Geithner's opening offer last week on was raising tax revenues by $1.6 trillion, at least $50 billion in new economic stimulus spending and effectively giving the president the ability to raise the debt limit.
Republicans promptly rejected the offer as unacceptable, even laughable.
"I was just flabbergasted," Boehner said.
WHO GOES FIRST ON SPENDING CUTS?
The top House Democrat, Nancy Pelosi, renewed her threat to force a vote on a Senate-passed plan to extend tax cuts for the middle class tax-cut if Boehner does not schedule it immediately."
"The clock is ticking and stalemates are a luxury we cannot afford," she said in a written statement after Boehner spoke.
Republican Senator Lindsey Graham, appearing on CBS's "Face the Nation," said what many in his party have predicted: "We're going over the cliff."

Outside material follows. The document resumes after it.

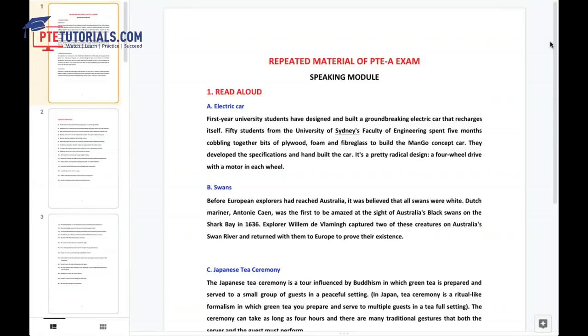Good morning friends. This is Ishma Adipu from PTE Tutorials Ausis Group. Let's start today's webinar. The topic of today's webinar is repeated material of PTE academic exam. You can find all these repeated questions in the PTE Tutorials app. Download PTE Tutorials app and start practicing. If you have any queries, you can ask in the questions box. After completing this presentation, I'll try to answer the questions.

Like other Republicans, Graham accused the administration of failing to negotiate in good faith by refusing to offer significant cuts in spending.
The administration insists that Republicans offer their cuts first, particularly since Obama won re-election this month, promising to raise tax rates on the rich.
"It's pretty clear to me they've made a political calculation," Graham said.
"This offer doesn't remotely deal with entitlement reform in a way to save Medicare, Medicaid and Social Security from imminent bankruptcy," Graham said.
In a blitz of TV appearances, Geithner insisted that tax rates on the richest must go up, and dismissed much of the contentious rhetoric from last week as "political theater."
"The only thing standing in the way of (a deal) would be a refusal by Republicans to accept that rates are going to have to go up on the wealthiest Americans. And I don't really see them doing that," Geithner told NBC's "Meet the Press."
The comments mark the latest round of high-stakes gamesmanship focusing on whether to extend the temporary tax cuts that originated under former President George W. Bush beyond their December 31 expiration date for all taxpayers, as Republicans want, or just for those with incomes under $250,000, as President Barack Obama and his fellow Democrats want.
Republicans, who control the House but are the minority in the Senate, have expressed a willingness to raise revenues by such steps as limiting tax deductions, but most oppose increasing rates.
"There's not going to be an agreement without rates heading up," Geithner said bluntly on CNN's "State of the Union."
The expiration of the Bush-era tax cuts and automatic reductions in government spending set to take hold early next year would suck about $600 billion out of the economy.